-
---
"Melepaskan mudah, niatnya yang susah"
---
-Seperti biasa, Bara akan melaksanakan hukuman yang memang pantas ia terima karena kesalahannya. Meskipun melakukannya setengah-setengah. Siapa, sih, yang mau dihukum dengan sepenuh hati? Menjadi anak dari orang paling berpengaruh di sekolahnya, bukan berarti membuat Bara berkuasa di sana.
Sudah lima kali putaran Bara berlari tanpa mengalihkan pandangannya pada Belia yang terlihat begitu kelelahan. Ia sudah berulang kali memperingati Belia agar menyudahi saja larinya atau paling tidak beristirahat sebentar, tapi Belia bersikeras merampungkan hukumannya. Bara sudah berulangkali berhenti hanya sekedar menunggu Belia agar hitungan larinya sama.

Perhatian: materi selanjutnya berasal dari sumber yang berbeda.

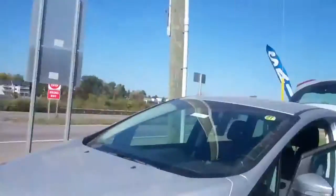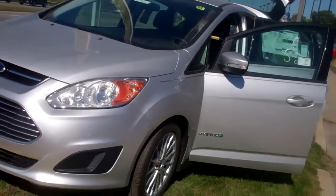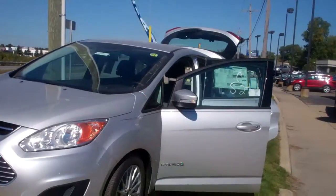You can come in anytime. I'm going to send you this video and I'm going to be in touch with you again on Monday to see if I can have you come in. You can take one for a drive. This is the C-Max here. You've probably already had pictures of them or been on the internet with one of them.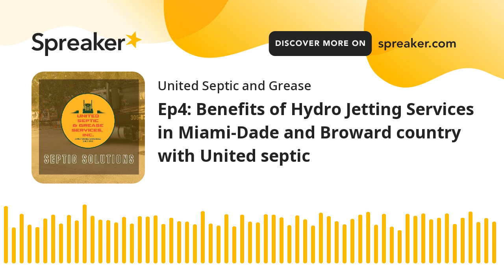In conclusion, investing in hydrojetting services from United Septic and Grease Services is a proactive step towards ensuring the longevity and efficiency of your plumbing system. Don't wait for clogs and blockages to disrupt your daily life — take charge of your property's maintenance with the power of hydrojetting. For inquiries or appointments, contact our expert team today. Trust us to deliver a thorough and efficient clean that will leave your sewer lines flowing freely.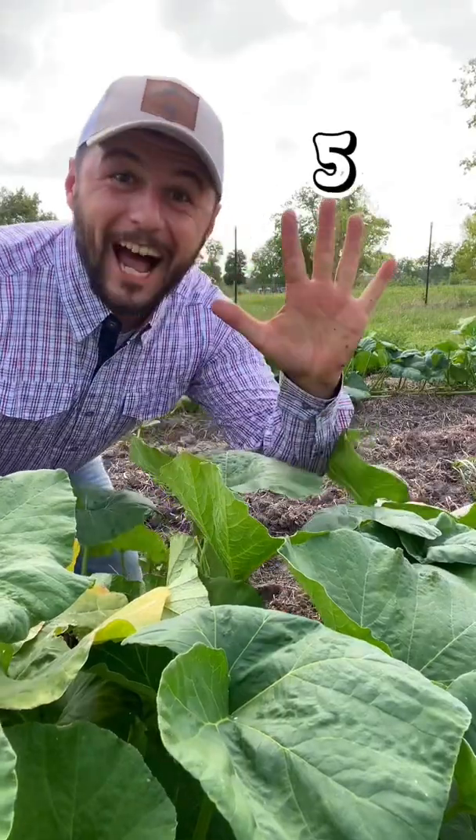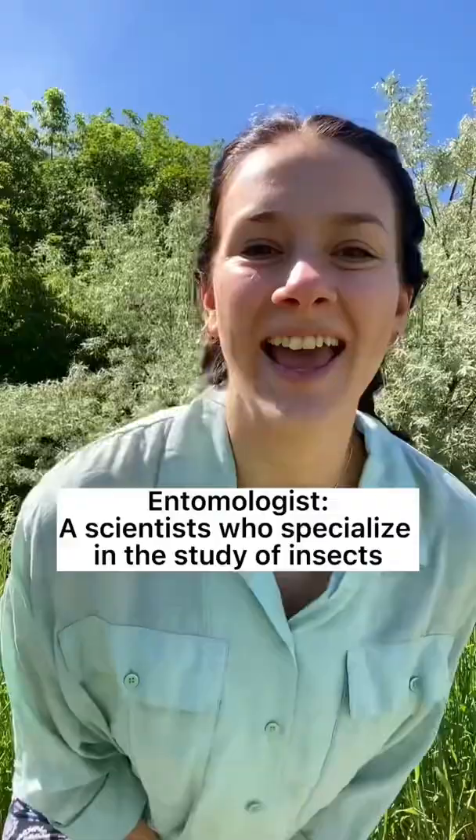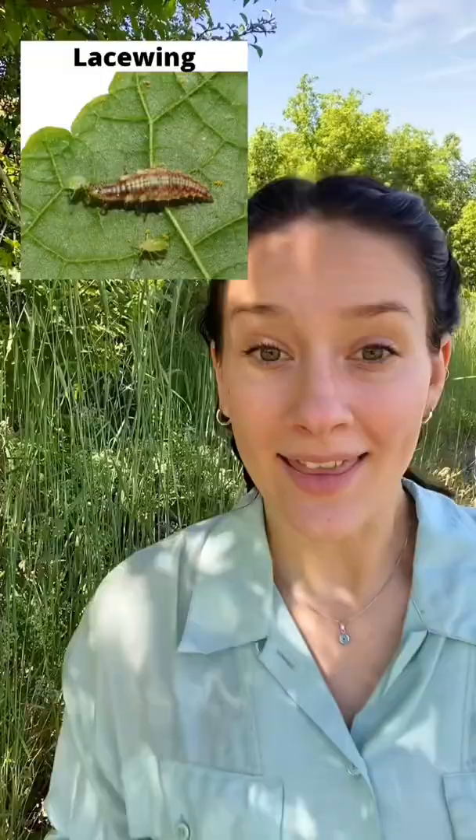These are five insect management tips from a farmer and an entomologist. Number one: this is a lacewing. As both larvae and adults, they're beneficial predators. You can attract them to your garden with fennel or yarrow.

"Bel, lo mending udahan, deh, gue nggak yakin lo kuat sampai sepuluh putaran," Bara mencegat lari Belia.
Belia mengurangi kecepatan larinya karena dicegat Bara, dengan masih mempergerakan kakinya sekedar berjalan.
"Tanggung, Bar, empat kali lagi," kekeuh Belia.
"Gue aja yang ngelanjutin, udah lo duduk aja."
"Lo juga capek, tuh, kelihatan," Belia terkekeh dengan napasnya yang terengah-engah.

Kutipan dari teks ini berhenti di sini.